Twitter is an oddball. The very things that make it great—everyone’s in one big public water cooler, you can reach out to anyone just by @mentioning them, accounts can be anonymous—are what lead to its abuse and spam problems.
It’s hard for Twitter to crack down too hard without changing the very nature of the site. To this end, they’ve introduced ways for people to take more control over who and what they see. You can mute accountsspecific words, or even just retweets.
They’ve also added a Quality Filter to your notifications, which is on by default. I’m always wary of a service taking filtering into it’s own hands (like Facebook’s two hidden inboxes), so I decided to find out what it actually does. Here’s what I learned.

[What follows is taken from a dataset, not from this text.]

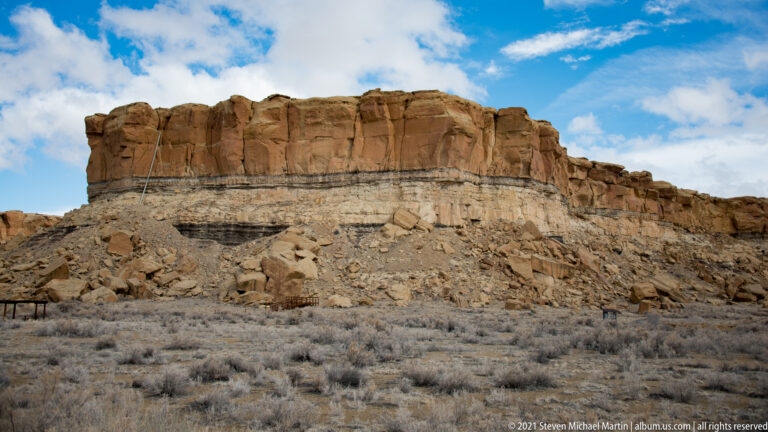 A layered sandstone cliff with a reddish cap rises above pale eroded rock and a talus-covered slope.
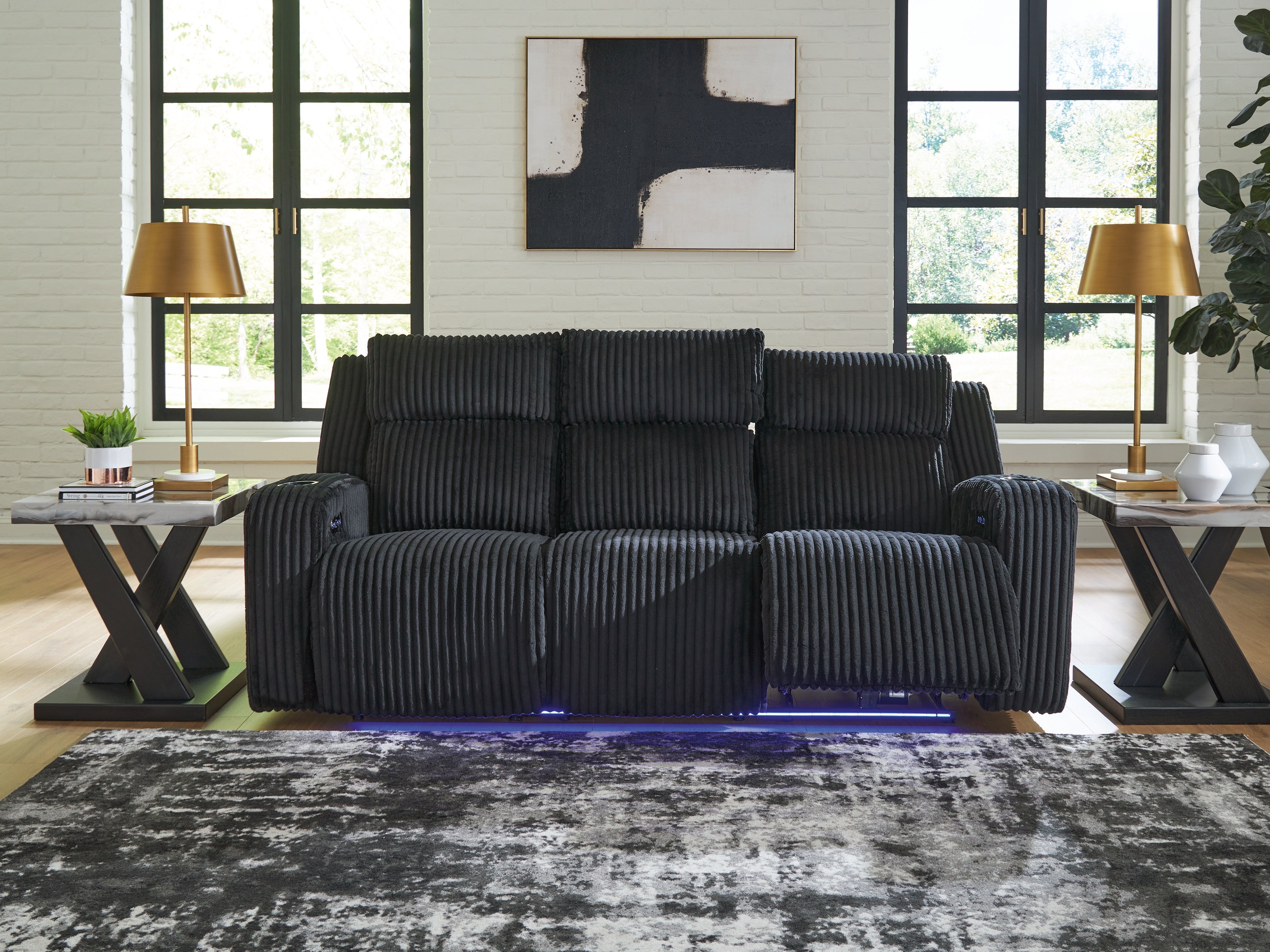 Family Deals Furniture - Ashley Furniture - Forest Lake Living Room - PWR REC Sofa with ADJ Headrest / Black - PC6420215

How the Quality Filter Works

Twitter’s support page explains that the Quality Filter “filters low-quality content from your notifications”. The examples Twitter gives are duplicate Tweets or automated content. This means that if an account is sending you the same message over and over again, sending the same message to dozens of accounts, or failing some unspecified robot test of Twitter’s, it won’t appear on your notifications page. A pretty hefty chunk of spam fits that profile right off the bat.
Crucially, the Quality Filter does nothing to notifications “from people you follow or accounts you’ve recently interacted with”. This means that your friends are free to spam you with the same message over and over again if they want without Twitter stepping in to stop them. It also means that if you’re having a conversations with someone who you don’t follow (or they don’t follow you), Twitter isn’t going to stop their notifications from appearing.
It seems to strike a decent balance between taking your account totally private or blocking all notifications and leaving Twitter as a free for all.

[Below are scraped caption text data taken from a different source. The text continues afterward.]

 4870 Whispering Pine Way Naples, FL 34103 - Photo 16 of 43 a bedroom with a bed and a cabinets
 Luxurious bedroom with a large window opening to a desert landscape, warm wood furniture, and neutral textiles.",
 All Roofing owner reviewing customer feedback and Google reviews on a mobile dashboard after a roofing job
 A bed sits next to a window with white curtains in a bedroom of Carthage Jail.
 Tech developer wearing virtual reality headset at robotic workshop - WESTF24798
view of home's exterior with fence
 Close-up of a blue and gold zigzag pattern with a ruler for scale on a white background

How to Enable or Disable the Quality Filter

While the Quality Filter doesn’t seem too likely to generate false positives, if you don’t have much of an issue with spam or harassment, you might want to turn it off just in case. Here’s how.
Log in to Twitter and click on your profile picture in the top right followed by Settings and Privacy.
From the sidebar, select Notifications.
Under Advanced, uncheck Quality Filter and then click Save Changes.
If you want to re-enable it at any time, just check the Quality Filter box and click Save Changes.

The Quality Filter is one of the small tweaks Twitter has made to try and make the social network more pleasant for everyone, without totally changing how everything works. While Twitter is a bit vague on what constitutes “low-quality Tweets”, so far in my experience it seems to be working. While I used to get spam messages pretty regularly, I haven’t had any where near as many since the Quality Filter was introduced.